:: Problem ::
The response should be an exact transcription of the data below, free of images.

:: Supplied data ::
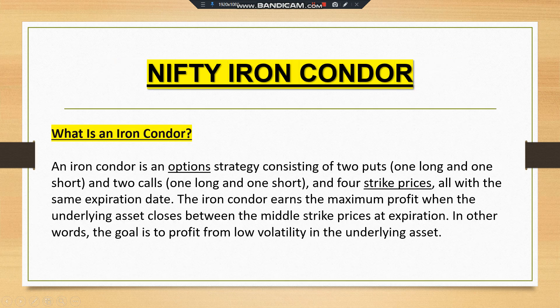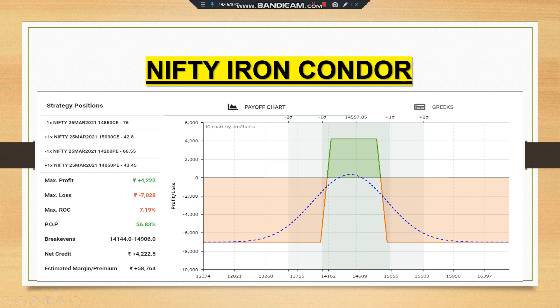The iron condor is an option strategy consisting of two puts (one long, one short) and two calls (one long, one short) across four strike prices, all at the same expiry date. Maximum profit occurs when the underlying asset closes between the middle strike prices at expiration — the goal is to profit from low volatility. In this example, maximum profit is ₹4,222, with a profitable range from 14,144 to 14,906. Return on capital is 7%. The position involves shorting an out-of-the-money call, buying an out-of-the-money call, shorting a put at 14,200, and buying a put at 14,050.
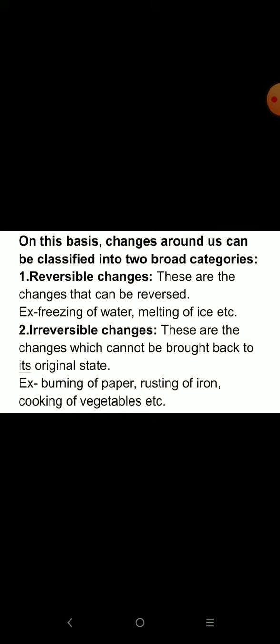On this basis, change around us can be classified into two broad categories: first, reversible changes, and second, irreversible changes.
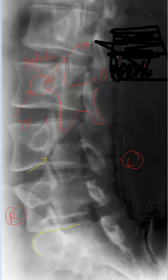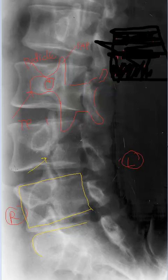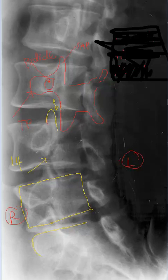Notice that this is the sacral base. Here's the L5 segment with its Scotty dog, and here is L4. This just represents the right side — we need to see the other oblique to determine if the contralateral pars inter articularis is also compromised. The facet joint is between the superior articular facet of one segment and the inferior articular facet of another, which is why we can see the facet joints very well on these views.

:: Answer to the problem ::
The iron condor is an option strategy consisting of two puts (one long, one short) and two calls (one long, one short) across four strike prices, all at the same expiry date. Maximum profit occurs when the underlying asset closes between the middle strike prices at expiration — the goal is to profit from low volatility. In this example, maximum profit is ₹4,222, with a profitable range from 14,144 to 14,906. Return on capital is 7%. The position involves shorting an out-of-the-money call, buying an out-of-the-money call, shorting a put at 14,200, and buying a put at 14,050.
On this basis, change around us can be classified into two broad categories: first, reversible changes, and second, irreversible changes.
Notice that this is the sacral base. Here's the L5 segment with its Scotty dog, and here is L4. This just represents the right side — we need to see the other oblique to determine if the contralateral pars inter articularis is also compromised. The facet joint is between the superior articular facet of one segment and the inferior articular facet of another, which is why we can see the facet joints very well on these views.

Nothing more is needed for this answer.